LISTED RECORDS below:

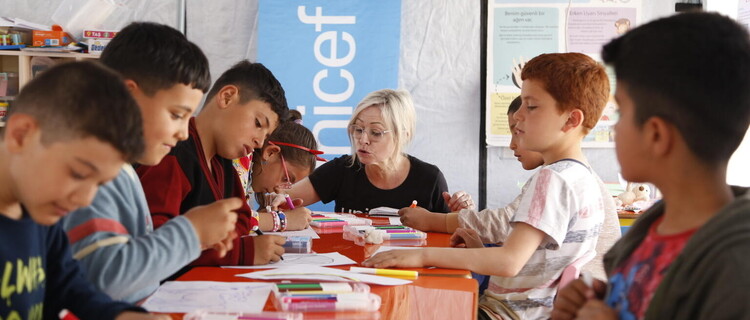 UNICEF medewerker met kinderen tijdens een psychosociale sessie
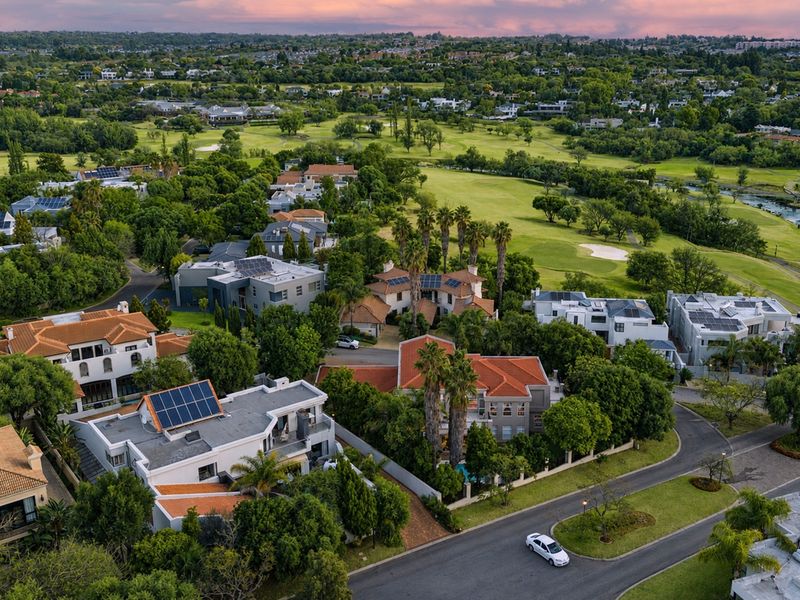 An elevated aerial view of a residential estate featuring multiple homes with solar installations, tiled roofs, and proximity to a golf course.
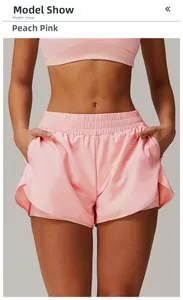Détail du short de fitness rose pêche à taille haute avec poches et design superposé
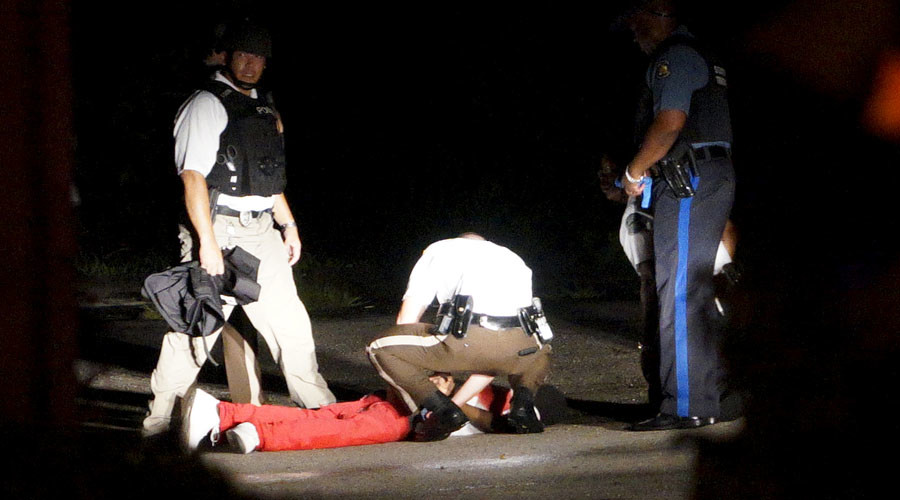 ATTENTION EDITORS - VISUAL COVERAGE OF SCENES OF INJURY OR DEATHA black man lies badly wounded with blood on his shirt after a police officer involved shooting in Ferguson, Missouri August 9, 2015. Two people were struck by gunfire in the midst of a late-night confrontation on Sunday between riot police and protesters, police said, after a day of peaceful events commemorating the fatal shooting of an unarmed black teenager by a white officer one year ago.   REUTERS/Rick Wilking  - RTX1NPRL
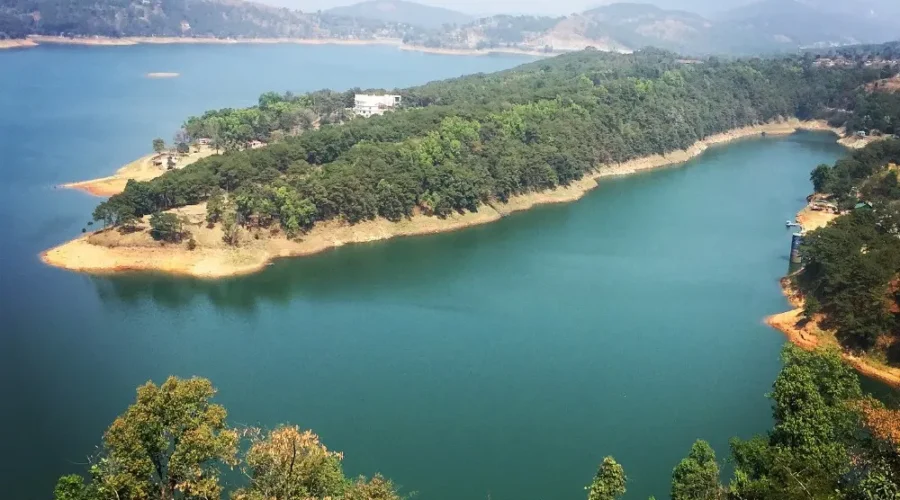 Assam Meghalaya Highlights Package with scenic lake, forested island, rolling hills and peaceful Northeast India landscape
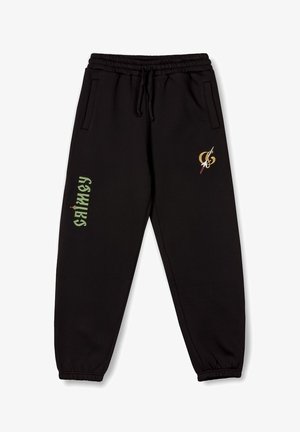 Pantalones de chándal negros en tejido suave, con cintura elástica, bolsillos laterales y logos en verde y dorado en la pierna izquierda.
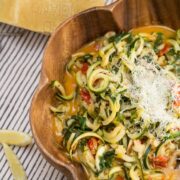 Bowl of zucchini noodles with lemon, tomatoes, and greens topped with Parmesan cheese.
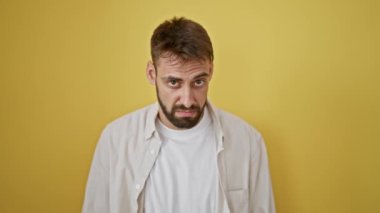 Serin ve sıradan İspanyol asıllı, ciddi, rahat bir ifade takınan, sakallı yakışıklı, izole edilmiş sarı duvar arkasında tek başına duran genç bir adam. Yetişkin erkek portresi.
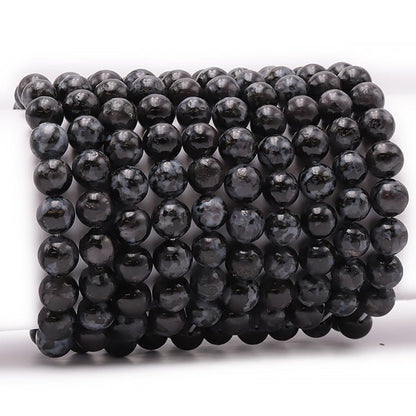 Bracelet Gabbro Madagascar A+ (Merlinite mystique) boules 10mm - La Boite à Cailloux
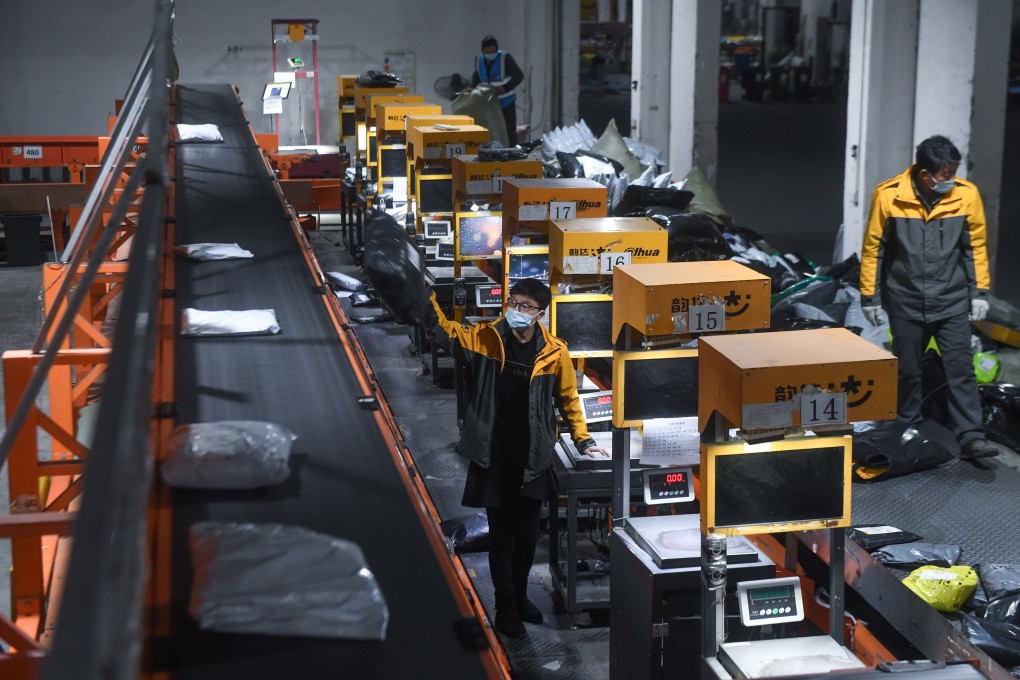 Workers handle packages for delivery at a warehouse in Huzhou, Zhejiang Province, Feb. 8, 2021. The country’s two biggest shopping sprees serve as a barometer of consumer sentiment in the world’s second-largest economy. Photo: Xinhua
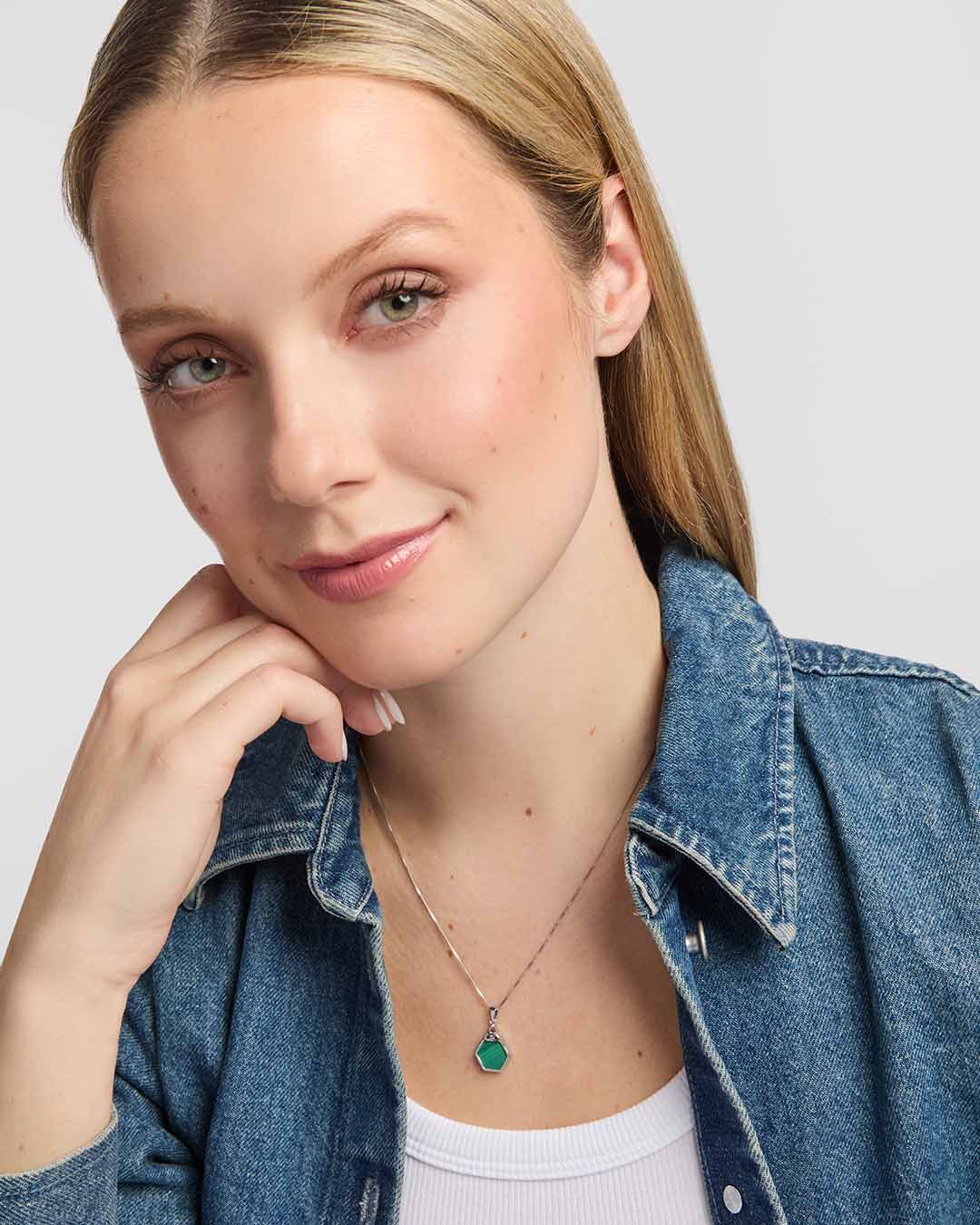 A striking green malachite stone framed in polished sterling silver, with an openwork Trinity Knot forming an elegant Celtic detail above the stone presented on a model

End of LISTED RECORDS.

The material above must be printed exactly, with its pictures left out.

■ **RESULT BELOW**
 UNICEF medewerker met kinderen tijdens een psychosociale sessie
 An elevated aerial view of a residential estate featuring multiple homes with solar installations, tiled roofs, and proximity to a golf course.
Détail du short de fitness rose pêche à taille haute avec poches et design superposé
 ATTENTION EDITORS - VISUAL COVERAGE OF SCENES OF INJURY OR DEATHA black man lies badly wounded with blood on his shirt after a police officer involved shooting in Ferguson, Missouri August 9, 2015. Two people were struck by gunfire in the midst of a late-night confrontation on Sunday between riot police and protesters, police said, after a day of peaceful events commemorating the fatal shooting of an unarmed black teenager by a white officer one year ago.   REUTERS/Rick Wilking  - RTX1NPRL
 Assam Meghalaya Highlights Package with scenic lake, forested island, rolling hills and peaceful Northeast India landscape
 Pantalones de chándal negros en tejido suave, con cintura elástica, bolsillos laterales y logos en verde y dorado en la pierna izquierda.
 Bowl of zucchini noodles with lemon, tomatoes, and greens topped with Parmesan cheese.
 Serin ve sıradan İspanyol asıllı, ciddi, rahat bir ifade takınan, sakallı yakışıklı, izole edilmiş sarı duvar arkasında tek başına duran genç bir adam. Yetişkin erkek portresi.
 Bracelet Gabbro Madagascar A+ (Merlinite mystique) boules 10mm - La Boite à Cailloux
 Workers handle packages for delivery at a warehouse in Huzhou, Zhejiang Province, Feb. 8, 2021. The country’s two biggest shopping sprees serve as a barometer of consumer sentiment in the world’s second-largest economy. Photo: Xinhua
 A striking green malachite stone framed in polished sterling silver, with an openwork Trinity Knot forming an elegant Celtic detail above the stone presented on a model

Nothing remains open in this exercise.